Mit dem März 1942 setzen die Einträge Lüttgens in sein Strafbuch ein. Am 20. März 1942 erhielt er 21 Tage geschärften Arrest wegen Überschreitens des Genesungsurlaubs für 82 Stunden. Fünf Wochen später erhielt er 8 Tage geschärften Arrest, da er ohne Urlaubsschein und Abmeldung die Standortgrenze überschritten hatte, und er erst durch eine Heeresstreife in Düsseldorf festgesetzt wurde. Fünf Tage darauf wurde er vom Gericht der Division 156 zu neun Monaten Gefängnis wegen „unerlaubter Entfernung“ verurteilt. Gleichzeitig wurde er zum Schützen degradiert. Diese Verurteilung scheint in einem Zusammenhang mit seiner ersten Arreststrafe zu stehen, da damals der Kompanieführer den Tatbestand auch der Division meldete. Die Datierung des Urteils, die Angaben zur Haft und zur Strafvollstreckung sind teilweise widersprüchlich. Eine weitere Arreststrafe von drei Tagen erhielt er im Juni 1942 für ungeputzte Stiefel. Im April 1943 erhielt er wieder eine Arreststrafe, weil er sich ohne Urlaub von einem Arbeitskommando entfernt und den Kommandoführer belogen hatte.

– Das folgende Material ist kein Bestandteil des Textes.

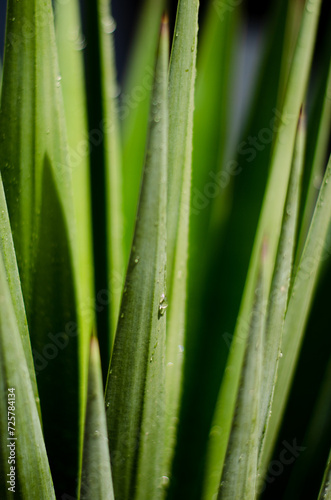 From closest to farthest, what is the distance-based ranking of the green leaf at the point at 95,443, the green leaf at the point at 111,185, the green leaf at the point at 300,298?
the green leaf at the point at 95,443, the green leaf at the point at 300,298, the green leaf at the point at 111,185

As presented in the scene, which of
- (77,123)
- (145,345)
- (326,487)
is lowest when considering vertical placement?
(326,487)

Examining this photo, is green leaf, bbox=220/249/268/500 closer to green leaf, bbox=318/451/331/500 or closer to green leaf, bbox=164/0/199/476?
green leaf, bbox=318/451/331/500

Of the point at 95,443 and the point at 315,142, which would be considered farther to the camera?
the point at 315,142

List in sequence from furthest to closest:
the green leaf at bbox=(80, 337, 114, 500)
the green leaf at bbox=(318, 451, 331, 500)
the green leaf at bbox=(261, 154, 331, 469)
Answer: the green leaf at bbox=(261, 154, 331, 469), the green leaf at bbox=(318, 451, 331, 500), the green leaf at bbox=(80, 337, 114, 500)

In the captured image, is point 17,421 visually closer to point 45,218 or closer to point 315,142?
point 45,218

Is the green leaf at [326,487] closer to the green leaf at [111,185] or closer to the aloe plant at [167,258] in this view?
the aloe plant at [167,258]

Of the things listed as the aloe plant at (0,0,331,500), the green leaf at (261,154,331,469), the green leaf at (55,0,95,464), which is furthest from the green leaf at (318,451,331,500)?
the green leaf at (55,0,95,464)

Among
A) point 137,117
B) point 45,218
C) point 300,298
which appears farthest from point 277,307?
point 137,117

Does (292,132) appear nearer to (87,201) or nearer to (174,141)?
(174,141)

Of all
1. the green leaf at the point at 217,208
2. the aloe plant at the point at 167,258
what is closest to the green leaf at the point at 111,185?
the aloe plant at the point at 167,258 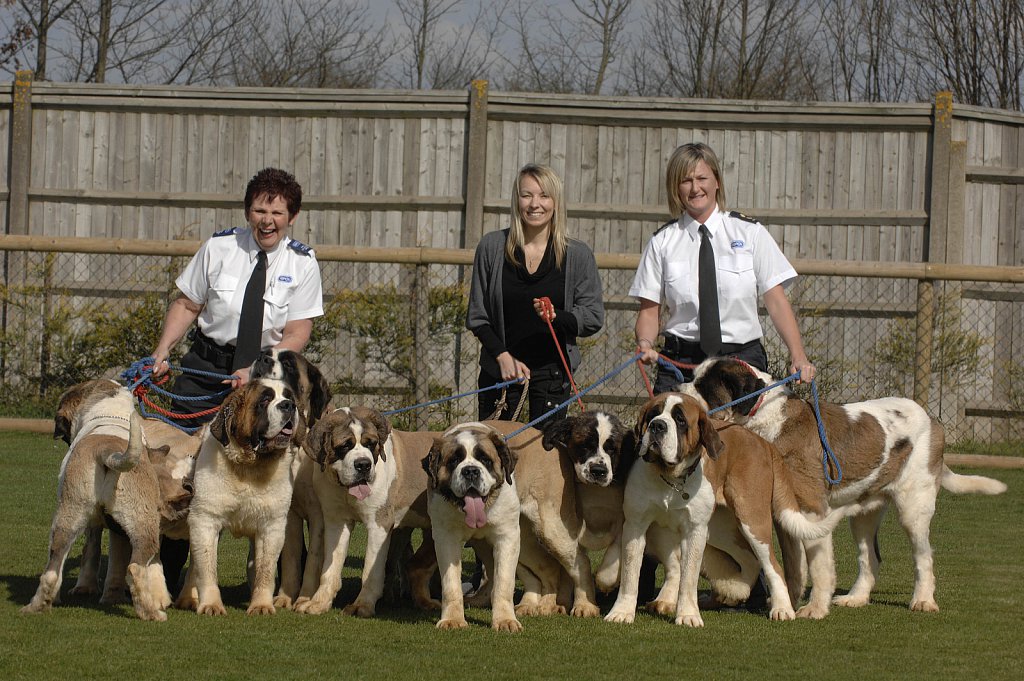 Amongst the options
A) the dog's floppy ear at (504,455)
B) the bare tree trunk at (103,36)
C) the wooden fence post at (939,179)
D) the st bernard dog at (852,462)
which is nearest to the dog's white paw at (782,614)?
the st bernard dog at (852,462)

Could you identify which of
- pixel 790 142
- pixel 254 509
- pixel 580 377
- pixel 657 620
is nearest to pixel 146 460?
pixel 254 509

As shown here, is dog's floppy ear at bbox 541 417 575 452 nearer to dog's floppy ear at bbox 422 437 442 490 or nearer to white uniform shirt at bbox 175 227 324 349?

Seit März 1943 gehörte er Landesschützeneinheiten an. Seit Mitte Mai d. J. war er Angehöriger des Landesschützen-Ersatz- und Ausbildungsbataillons 6. Diese Einheit war ein Teil der Division 406 z.b.V., deren Stab in Münster lag. Durch dieses Gericht erging das Todesurteil gegen Heinrich Lüttgen. Lt. Gutachten wurde er wegen Fahnenflucht in Tateinheit mit Betrug als Volksschädling verurteilt. Bei der Angabe auf der Verlustmeldung, die das Urteil auf den 9.1.1943 datiert, dürfte es sich um einen Fehler handeln. Das Urteil ist eher dem Jahrgang 1944 zuzuordnen.

Erst nach seiner Verurteilung wurde ein Gutachten über die Zurechnungsfähigkeit in Auftrag gegeben. Zu diesem Zweck wurde Lüttgen in das Reserve-Lazarett Niedermarsberg gebracht, wo er sich vom 27. Februar bis zum 4. April 1944 aufhielt. Das wehrmachtpsychiatrische Gutachten wurde vom leitenden Abteilungsarzt – einem Unterarzt und Facharzt für Nerven- und Geisteskrankheiten - erstattet und von zwei Stabsärzten mitunterschrieben. Die Diagnose lautete: „Charakteropathie bei intellektueller Unterwertigkeit“. Trotzdem wurde die Möglichkeit, den § 51 (Unzurechungsfähigkeit) anzuwenden, verneint.

Auf der Verlustmeldung wurde „Erschießung“ als Todesursache angegeben. Todesort, Todeszeit und weitere Hinrichtungen an diesem Tag, lassen aber den Schluss zu, dass er am 12. Mai 1944 im Dortmunder Gerichtsgefängnis um 17.57 Uhr enthauptet wurde. Er wurde vier Tage später auf dem Dortmunder Hauptfriedhof bestattet. Heute befindet sich sein Grab auf dem Ehrenfeld der Kriegs- und Bombenopfer des Dortmunder Hauptfriedhofs.